Unfortunately, SCSI and FC were designed for short interconnections between processors and storage devices that are usually in the same room, if not the same cabinet. They expect virtually zero errors and latency. FCIP, iFCP and iSCSI all have problems on WANs.

WAN Performance Problems

WAN connections introduce high error rates and latency. A WAN link's error rate, for example, may be up to 0.5 percent, and the latency over an optical fiber is 5 microseconds per kilometer. A direct link from New York to Los Angeles introduces a 20-millisecond delay; a hop through a geosynchronous satellite introduces 260 ms.

These difficulties arise because the TCP and SAN-over-WAN protocols force the sender to pause if it has transmitted its permitted quota, or window, of data packets without receiving a positive acknowledgment. A system of explicit acknowledgments is necessary to ensure error-free communications and flow control, but it can restrict WAN bandwidth. "Waiting for Acknowledgment," below, illustrates such a situation, with a file transmission through a 45-Mbps satellite link. The one-way latency for a geosynchronous satellite is 0.26 seconds, and the receiving TCP software uses a default receive window of 17,520 bytes.

It takes 0.26 seconds for the brief data burst containing 17,520 bytes to travel from the transmitter to the receiver in our example. It takes 0.26 seconds for the acknowledgments to travel from the receiver back to the transmitter so the transmission cycle can resume. In approximately half a second, only 17,520 bytes have been transferred, for an effective throughput of just 35 KB per second on the 45-Mbps link!

This problem exists with any long, fat network with high bandwidth and high latency. The one-way latency on a direct terrestrial link between New York and Melbourne, Australia, is 0.1 seconds, for example.

The situation degrades further if a packet is lost or garbled. TCP assumes that packet loss always indicates congestion. It therefore cuts the transmission rate drastically (at least by half) and slowly builds that rate back to what it was before the error occurred. The rate of buildup is proportional to the round-trip latency on the link: The longer the latency, the more time it takes to return to the original transmission rate. Multiple in-flight losses can have almost catastrophic effects; transmission may stall temporarily. Data isn't lost, but throughput suffers, and for remote synchronous storage backup, the app halts while waiting for the acknowledgment from the target.

Tweaking SAN-over-WAN implementations can make the difference between a failed installation and a resounding success. Tuning techniques fall into three key areas: compressing WAN traffic; tuning the WAN protocol; and, if database replication is involved, choosing the appropriate replication technique.

• Compressing WAN Traffic

Many links carry repetitive traffic in the form of repeated strings.
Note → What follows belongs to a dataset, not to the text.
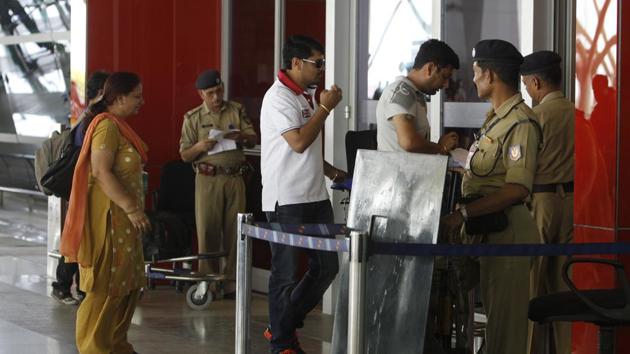 Passengers show their identity cards at the entrance to the airport.(Sonu Mehta/HT File Photo) Passengers show their identity cards at the entrance to the airport.(Sonu Mehta/HT File Photo)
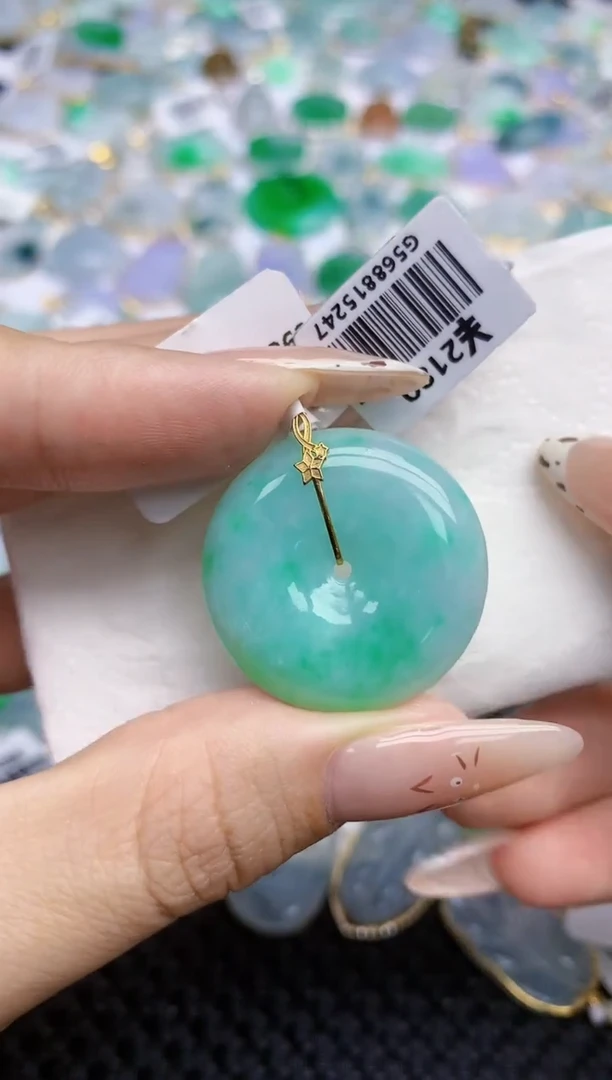 翡翠18K金镶嵌颈饰367    天然翡翠A货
By squeezing out repeated sequences, compression shortens the data flow and reduces the number of packets traversing the WAN, thereby speeding up the return of acknowledgments.
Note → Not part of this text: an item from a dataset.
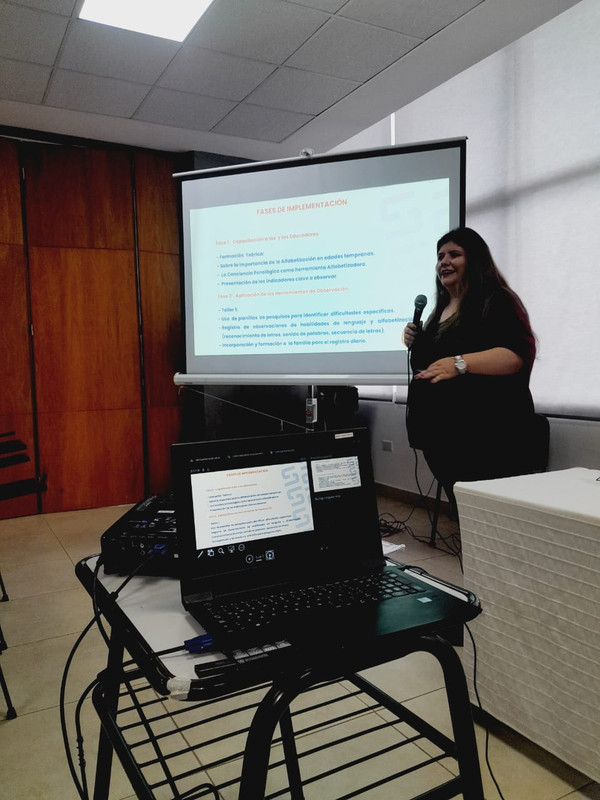 Detalle del material de Cuna de Letras.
Most SAN-over-WAN systems include basic compression and try to avoid transmitting data blocks unnecessarily. However, the systems often can't detect duplicate sequences in data blocks with different addresses, and the compression techniques usually can't match those of specialty appliances.
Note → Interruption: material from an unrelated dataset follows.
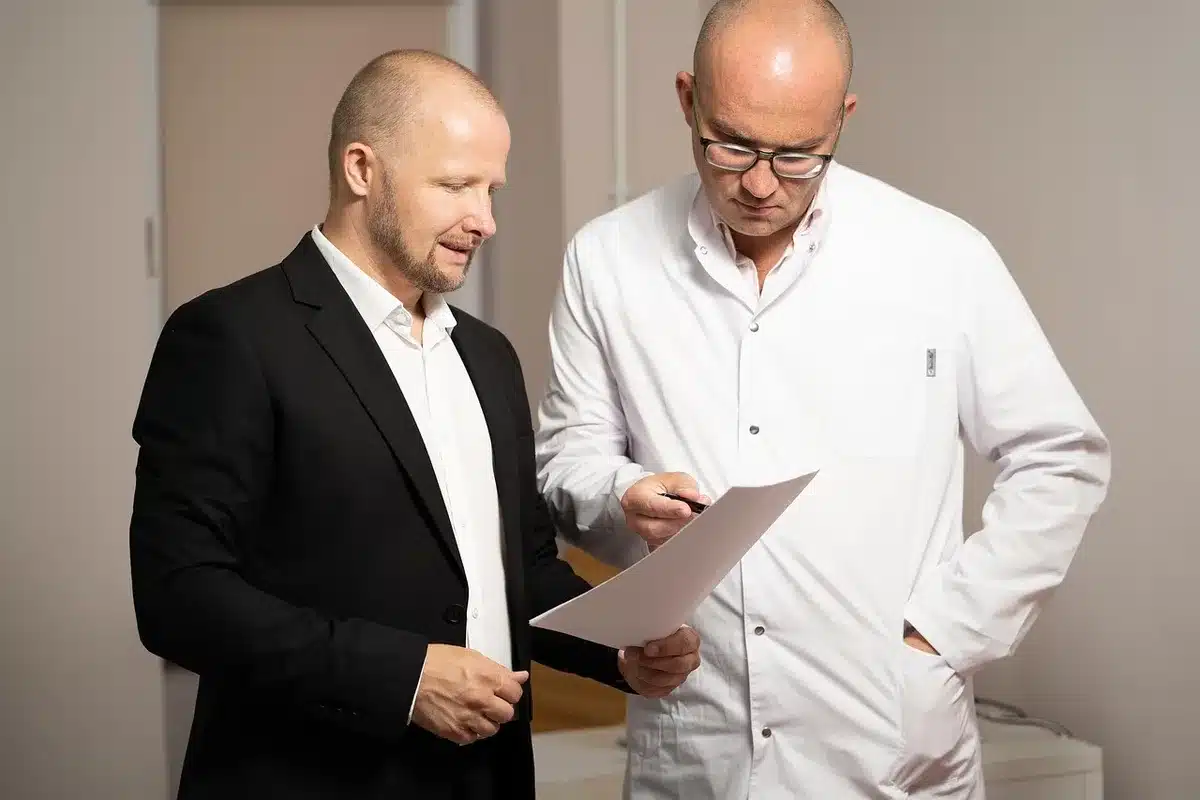 Ekspert komentujący przed kamerą w studiu medialnym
The most advanced products have massive compression dictionaries that replace megabytes of data with a single token, saving bandwidth. Relying on performance-optimization appliances at both ends of the WAN's communications path, these advanced techniques require no changes to the SAN-over-WAN devices. Vendors such as Expand Networks say SAN over WAN is well-suited to advanced compression. The company says when its WAN Accelerators are installed, bandwidth needs typically drop by 90 percent.

• Tuning the WAN Protocol

The first place to tune the WAN protocol is within the SAN-over-WAN devices and their networks. By increasing the TCP window as the buffers allow and enabling TCP's selective-acknowledgment option at both ends of the path, you can reduce flow-control problems and delays from packet loss.

Many networks let you increase the basic frame and packet sizes to reduce CPU-processing overhead and the number of acknowledgments needed. However, overly increasing the TCP packet size will force intermediate network devices to fragment packets that travel across a link with a restricted frame size. Lost fragments waste time and raise reassembly overhead.

Finally, moving the TCP processes, along with any encryption processes, to an external card (an off-load engine) can improve both protocol handling and the performance of the SAN system.

If optimizing the SAN-over-WAN devices and the network doesn't improve performance sufficiently, WAN performance-optimization appliances can help. These devices let you use the SAN-over-WAN connections' full bandwidth by requiring fewer round-trips and fixing problems involving TCP window sizes and error recovery.

Expand Networks, Orbital Data Corp., Peribit Networks and others sell bandwidth-optimization appliances that provide high data flows even in the presence of many errors on high-latency, high-bandwidth paths. Working in pairs, with a unit at each end of the path, the appliances usually perform advanced compression. They use standard TCP to communicate with the SAN-over-WAN devices and highly optimized protocols to communicate with each other over the WAN. (For a review of four such products, see "WAN Accelerators: Breaking the WAN Bottleneck,".)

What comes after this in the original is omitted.